Fantastic job Clay ,I’d love to be that organized . Pretty cool idea with the slides too


----------



## Stick486 (Jan 4, 2013)

major top shelf... *SWEET!!!*


----------



## Herb Stoops (Aug 28, 2012)

You did a great job. Nice to be organised and have things where you can find them. 
The one thing I did notice was, Elec. Code here requires 3' clear of any obstruction around Elect. panel which includes in front of.
Just saying.
Herb


----------



## hawkeye10 (Jul 28, 2015)

Herb Stoops said:


> You did a great job. Nice to be organised and have things where you can find them.
> The one thing I did notice was, Elec. Code here requires 3' clear of any obstruction around Elect. panel which includes in front of.
> Just saying.
> Herb


Mine is in a closet. I think the house was built in the 70's.


----------



## hawkeye10 (Jul 28, 2015)

fire65 said:


> Finally got around to finishing up my saw station. I moved this to the end for better access then added some slides to bring it out passed the RAS fence. Do not use it as much as when I was building a lot of cabinets but still love having it easy to use. I added a port to my DC system but ended up not hooking it up because with the slides it just does not work like I wanted. Really not that much dust to deal with anyway. Thanks for looking.

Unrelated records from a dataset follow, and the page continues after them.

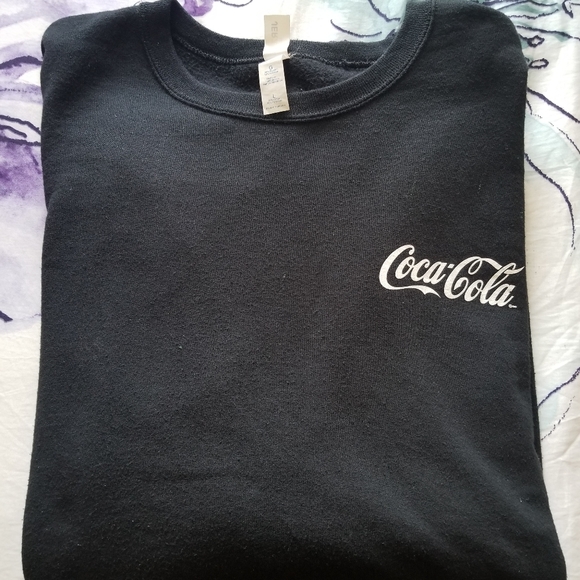 Coca Cola Coke Crew Sweatshirt Size Large Black - Picture 2 of 4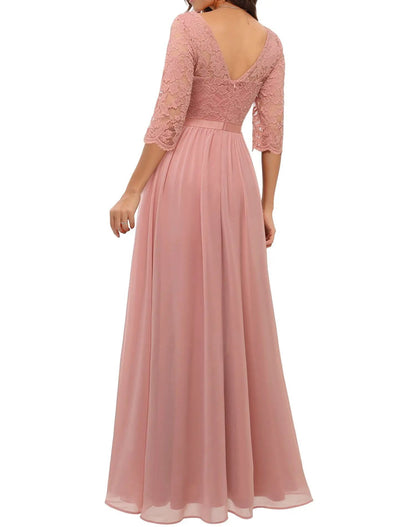 New 6-Color 5-Size Lace Splicing Long Waist-Cinching Elegant Dress Floor-Length V-Neck Polyester Fiber Evening Gown Dress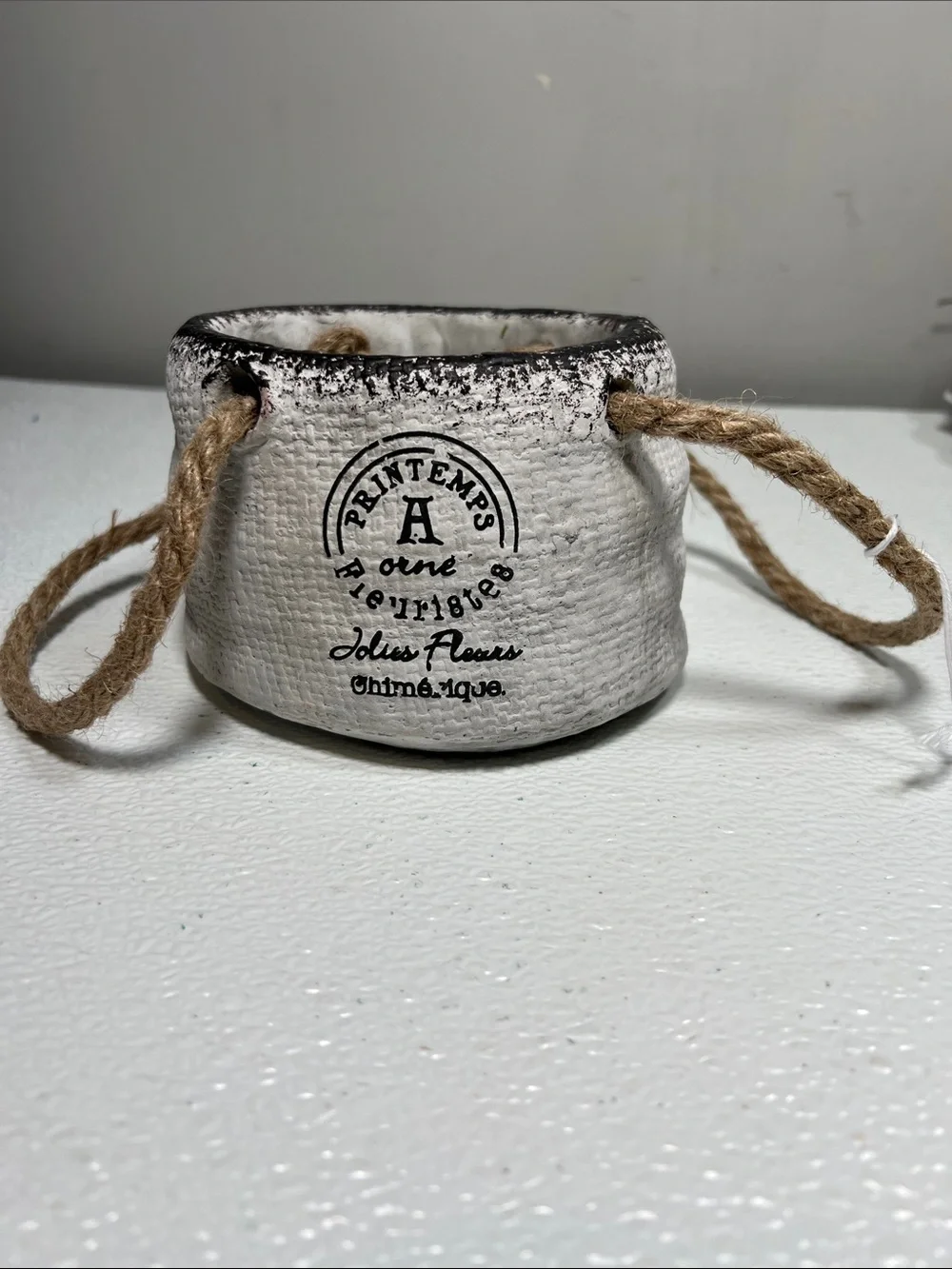 Rustic White Ceramic Planter with Rope Handles -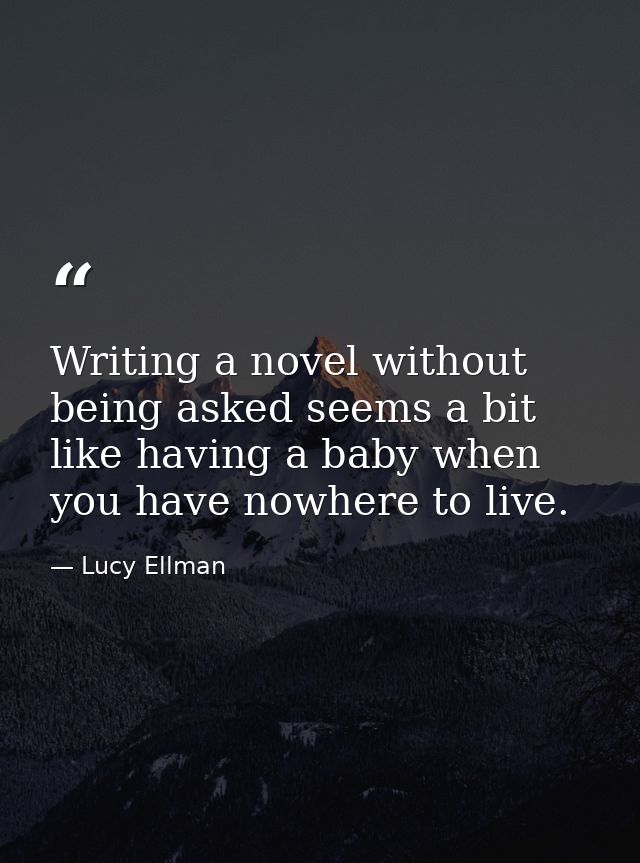 Writing a novel without being asked seems a bit like having a baby when you have nowhere to live. — Lucy Ellman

Clay, you put a lot of work into your saw station and it has paid off.


----------



## DesertRatTom (Jul 3, 2012)

That is a great cabinet/tool stand. You did a terrific job of desigh and execution. I love it.


----------



## fire65 (Oct 29, 2008)

Herb Stoops said:


> You did a great job. Nice to be organised and have things where you can find them.
> The one thing I did notice was, Elec. Code here requires 3' clear of any obstruction around Elect. panel which includes in front of.
> Just saying.
> Herb


 I love living on the edge. I have actually never heard that code and been in construction for many years. My whole shop is covered in OSB and passed inspection, guess our codes are different


----------



## Herb Stoops (Aug 28, 2012)

fire65 said:


> I love living on the edge. I have actually never heard that code and been in construction for many years. My whole shop is covered in OSB and passed inspection, guess our codes are different


I guess would just depend how picky the inspector might be. I have seen some pretty picky ones in my experiences.
https://www.compliance.gov/sites/de...s/2010/03/fastfacts_electricalpanelaccess.pdf
Herb


----------



## Stick486 (Jan 4, 2013)

Herb Stoops said:


> You did a great job. Nice to be organised and have things where you can find them.
> The one thing I did notice was, Elec. Code here requires 3' clear of any obstruction around Elect. panel which includes in front of.
> Just saying.
> Herb


same here...
and OSB'd walls in a shop require fire rock over it per inspector and insurance...


----------



## Herb Stoops (Aug 28, 2012)

Clay, I like the way you put all the table tops, Chop saw,RA saw, and Kreg jig all the same height. That makes a real compact set up. Your shop is a lot cleaner than mine too. That RA saw looks just like mine. It is my go to saw for cross cutting.
Herb


----------



## woodworker47 (Dec 19, 2008)

Great job Clay. I like your organization.

Frank


----------



## fire65 (Oct 29, 2008)

Herb Stoops said:


> Clay, I like the way you put all the table tops, Chop saw,RA saw, and Kreg jig all the same height. That makes a real compact set up. Your shop is a lot cleaner than mine too. That RA saw looks just like mine. It is my go to saw for cross cutting.
> Herb


 Thanks, it worked out great. I really was not sure when I built exactly where I wanted the tools so I built modular. Base is the same height so the tools can be moved around on it. Pretty sure all is set permanently now.


----------



## TenGees (Sep 12, 2012)

You've built a great inspiration for me, Clay.


----------



## RainMan 2.0 (May 6, 2014)

I really want osb on my walls also , but have heard there’s no fire guard that way, and it may void insurance. I’m in Canada,so maybe are laws are different.
I wonder if there’s a fire rated osb for such installs . I hate drywall personally.

Also if it’s an attached garage, I read you need to only put up drywall on the wall which is against the house .
So I’m wondering if a detached garage is different? 

Clay , weren't you a fire fighter ? If anyone one would know, you would


----------



## Herb Stoops (Aug 28, 2012)

RainMan 2.0 said:


> I really want osb on my walls also , but have heard there’s no fire guard that way, and it may void insurance. I’m in Canada,so maybe are laws are different.
> I wonder if there’s a fire rated osb for such installs . I hate drywall personally.
> 
> Also if it’s an attached garage, I read you need to only put up drywall on the wall which is against the house .
> ...


I have read that it is OK if shop is not attached to house. If attached it must have 5/8 gyp bd on any walls separating house from shop.
If there are living quarters above then gyp bd. is required on ceiling and walls below.
Herb


----------